SOURCE INFORMATION
——————
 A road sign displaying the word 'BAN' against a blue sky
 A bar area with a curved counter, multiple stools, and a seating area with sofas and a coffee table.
——————
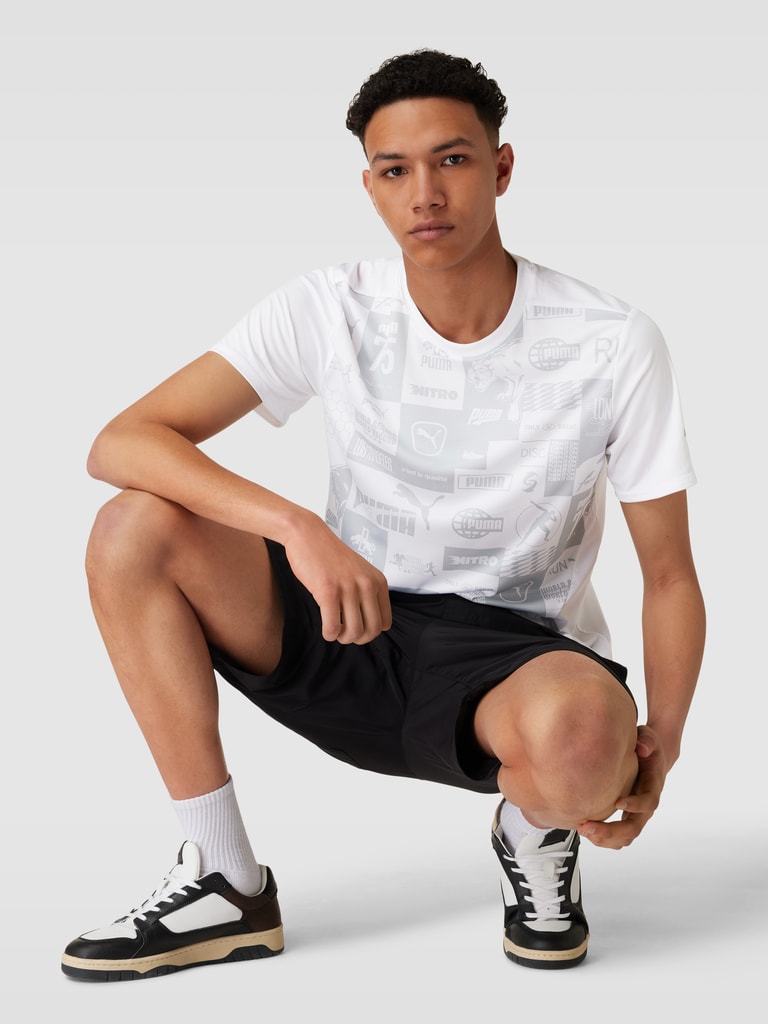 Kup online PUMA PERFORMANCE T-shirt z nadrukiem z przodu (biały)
——————
In your answer, include only the lines above starting at the line that holds "A road sign" and ending at the line that holds "A bar area with", copied exactly.

TASK RESULT
 A road sign displaying the word 'BAN' against a blue sky
 A bar area with a curved counter, multiple stools, and a seating area with sofas and a coffee table.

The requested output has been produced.